From: Andre Przywara <andre.przywara@amd.com>
To: <avi@redhat.com>, <anthony@codemonkey.ws>
Cc: <kvm@vger.kernel.org>, Andre Przywara <andre.przywara@amd.com>
Subject: [PATCH 1/4] NUMA: change existing NUMA guest code to use new bitmap implementation
Date: Wed, 11 Aug 2010 15:52:15 +0200 [thread overview]
Message-ID: <1281534738-8310-2-git-send-email-andre.przywara@amd.com> (raw)

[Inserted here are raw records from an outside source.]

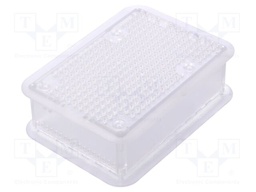 Enclosure: for computer; Raspberry Pi 4 B; semi-transparent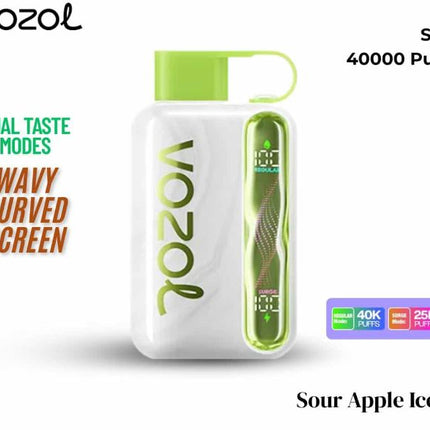 Vozol Star 40K Rechargeable Disposable Vape (40,000 Puffs) Vape Offer Ruwais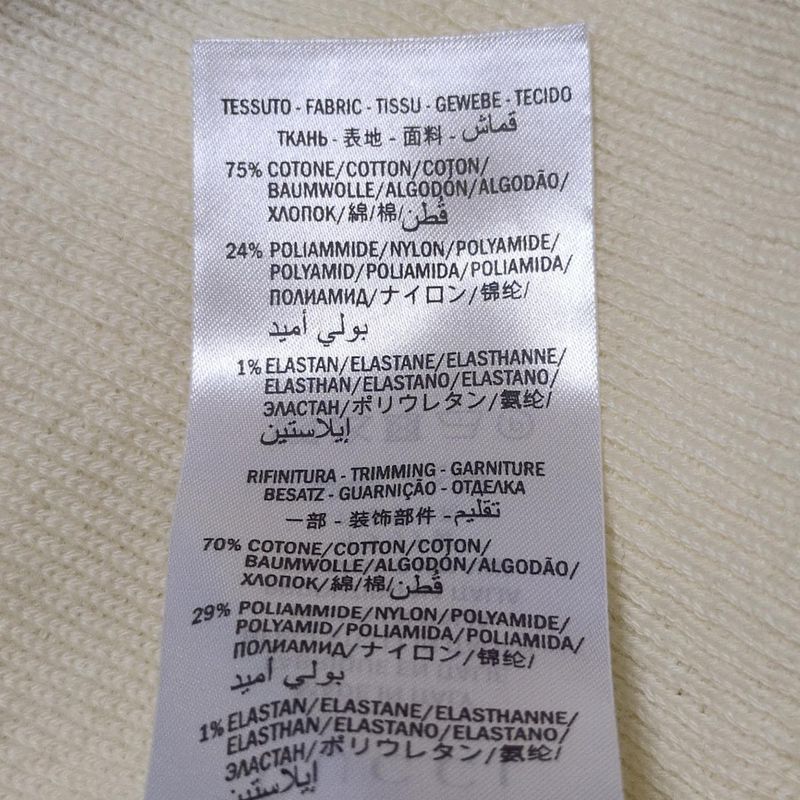 Gucci Cardigan Size S Women's - 459742-X7a05 Ivory X Dark Navy X Red Long Sleeve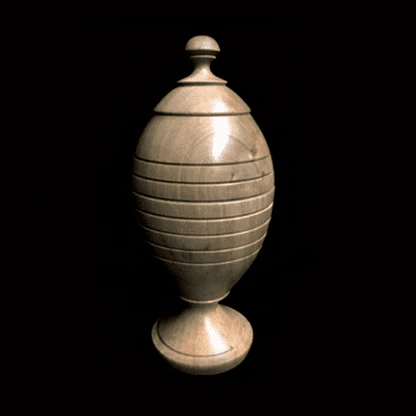 Deluxe Wooden Ball Vase by Merlins Magic - Trick - Image 3
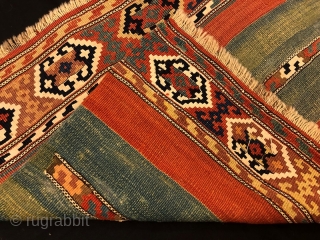 Anatolian kilim fragment 88 x 60 cm                          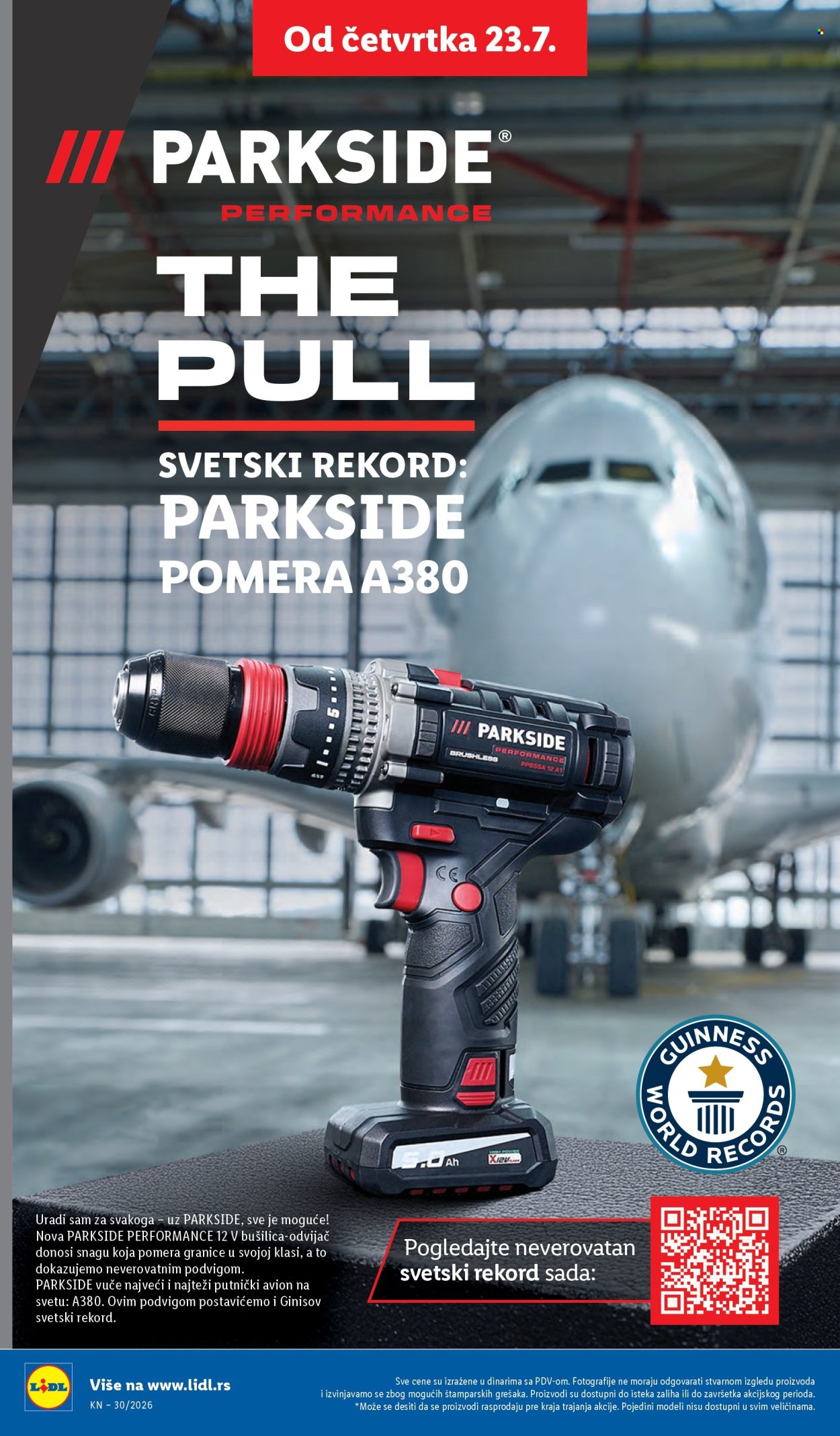 Lidl katalog - 23.07.2026 - 29.07.2026. Stranica 98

In-Reply-To: <1281534738-8310-1-git-send-email-andre.przywara@amd.com>
The current NUMA guest implementation uses a "poor-man's-bitmap"
consisting of a single uint64_t. This patch reworks this by
leveraging the new generic bitmap code and thus lifts the 64 VCPUs
limit for NUMA guests.
Beside that it improves the NUMA data structures in preparation
for future host binding code.
Signed-off-by: Andre Przywara <andre.przywara@amd.com>
---
cpus.c | 2 +-
hw/pc.c | 4 +-
monitor.c | 2 +-
sysemu.h | 11 ++++++-
vl.c | 94 +++++++++++++++++++++++++++++++++++++++----------------------
5 files changed, 73 insertions(+), 40 deletions(-)
diff --git a/cpus.c b/cpus.c
index 2e40814..86a0a47 100644
--- a/cpus.c
+++ b/cpus.c
@@ -805,7 +805,7 @@ void set_numa_modes(void)
for (env = first_cpu; env != NULL; env = env->next_cpu) {
for (i = 0; i < nb_numa_nodes; i++) {
- if (node_cpumask[i] & (1 << env->cpu_index)) {
+ if (test_bit(env->cpu_index, numa_info[i].guest_cpu)) {
env->numa_node = i;
}
}
diff --git a/hw/pc.c b/hw/pc.c
index 89bd4af..1b24409 100644
--- a/hw/pc.c
+++ b/hw/pc.c
@@ -529,14 +529,14 @@ static void *bochs_bios_init(void)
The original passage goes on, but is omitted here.